# Federated Learning: Attack and Defense Demonstration

In this notebook, we will show an attack on a federated learning environment as well as how to defend against it. Federated learning is a machine learning technique in which a model is trained on multiple devices. This approach is mainly used to ensure data privacy, and when it would be impossible to transfer data to a central server.

However, it is possible to attack a federated learning environment, particularly through the use of malicious devices that introduce noisy data. In this demonstration, we will simulate this kind of attack and then introduce a defense mechanism to mitigate it.

### Import necessary libraries

In [None]:
import numpy as np
from sklearn import datasets
from sklearn.preprocessing import StandardScaler
from sklearn.model_selection import train_test_split

# Define a simple linear regression model
class LinearRegression:
    def __init__(self, learning_rate=0.0001, weight=None, bias=None):
        self.learning_rate = learning_rate
        self.weight = weight if weight is not None else np.random.randn(10)  # Initialize weight as a vector of size 10
        self.bias = bias if bias is not None else np.random.randn()

    def predict(self, x):
        return np.dot(self.weight, x) + self.bias

    def update(self, gradient_weight, gradient_bias):
        self.weight -= self.learning_rate * gradient_weight
        self.bias -= self.learning_rate * gradient_bias

    def mse(self, data):
        total_error = 0
        for x, y in data:
            y_pred = self.predict(x)
            total_error += (y - y_pred) ** 2
        return total_error / len(data)

## Linear Regression Model
We defined a simple linear regression model with the following components:
- **Initialization**: The model has a learning rate, weights, and bias. The weight vector is size 10.
- **Predict**: This function will predict the output for an input `x` using $y = wx + b$, where `w` is the weight and `b` is the bias.
- **Update**: This function will update the model's weights and bias based on the gradients. The learning rate is responsible for the step size for the update.
- **Mean Squared Error (MSE)**: This function calculates the mean squared error for the given data. It's used to show the model's performance - lower values mean better performance.
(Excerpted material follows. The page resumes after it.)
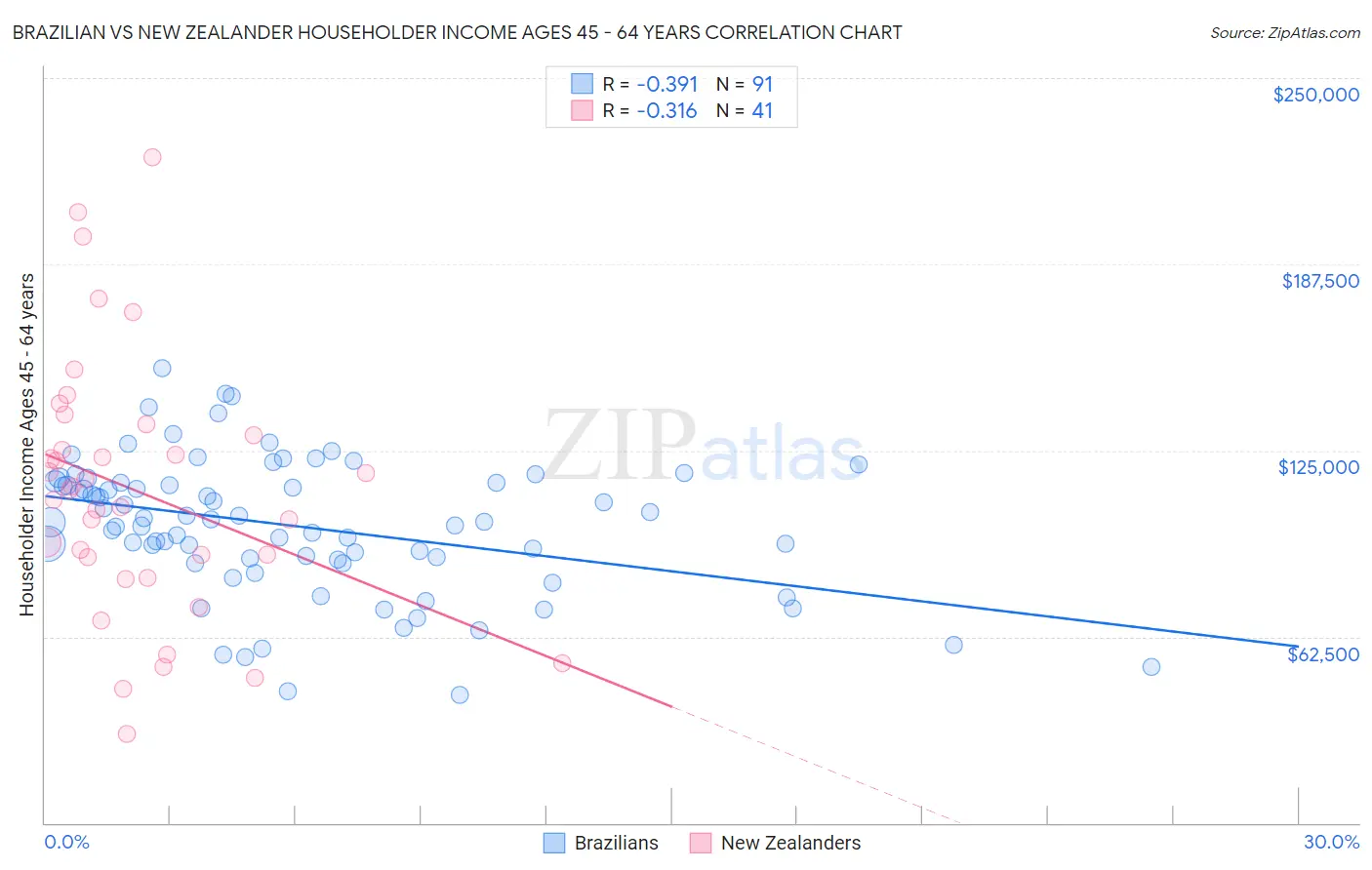 Brazilian vs New Zealander Householder Income Ages 45 - 64 years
Define functions to simulate local training on devices and federated learning:

In [None]:
# Simulate local training on devices
def local_training(model, data, epochs=100):
    for _ in range(epochs):
        gradient_weight = 0
        gradient_bias = 0
        for x, y in data:
            y_pred = model.predict(x)
            gradient_weight += -2 * x * (y - y_pred)
            gradient_bias += -2 * (y - y_pred)
        model.update(gradient_weight, gradient_bias)

# Federated learning simulation
def federated_learning(global_model, local_data_list, epochs=100):
    num_devices = len(local_data_list)
    for _ in range(epochs):
        global_gradient_weight = 0
        global_gradient_bias = 0
        for local_data in local_data_list:
            local_model = LinearRegression(weight=global_model.weight, bias=global_model.bias)
            local_training(local_model, local_data)
            global_gradient_weight += (local_model.weight - global_model.weight) / num_devices  # Average difference
            global_gradient_bias += (local_model.bias - global_model.bias) / num_devices  # Average difference
        global_model.update(global_gradient_weight, global_gradient_bias)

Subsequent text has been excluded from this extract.